• **Instructions to follow**: Transcribe, starting at the line with "Image No.19-Maison de" and ending at the line with "Volkswagen Golf IV", every line of the material below exactly, but leave out the pictures and anything outside that span.
** Given information follows **
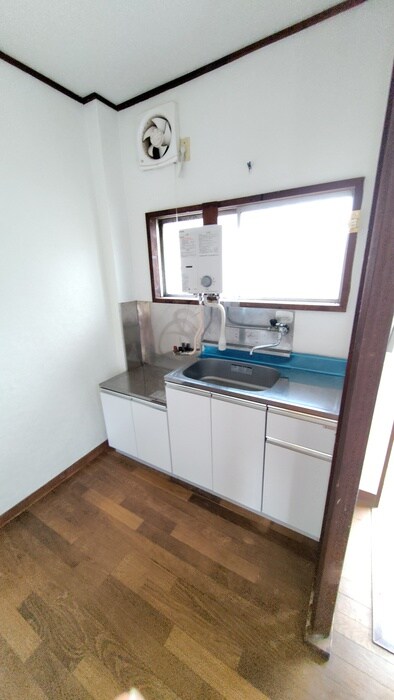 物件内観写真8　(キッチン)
** End of Given information **
** Given information follows **
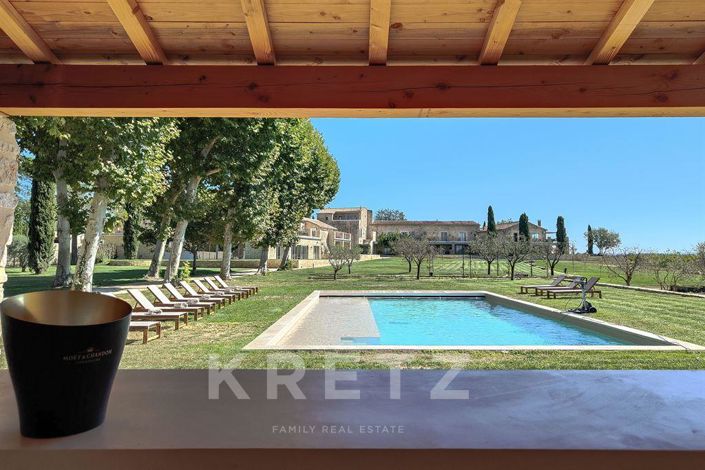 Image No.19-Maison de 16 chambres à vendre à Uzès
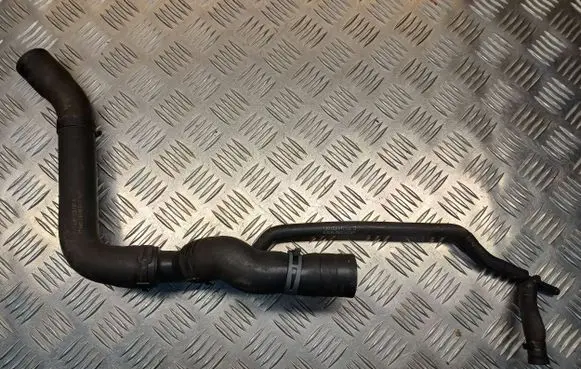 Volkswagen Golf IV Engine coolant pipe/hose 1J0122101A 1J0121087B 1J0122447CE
** End of Given information **
• **Answer below**:
 Image No.19-Maison de 16 chambres à vendre à Uzès
 Volkswagen Golf IV Engine coolant pipe/hose 1J0122101A 1J0121087B 1J0122447CE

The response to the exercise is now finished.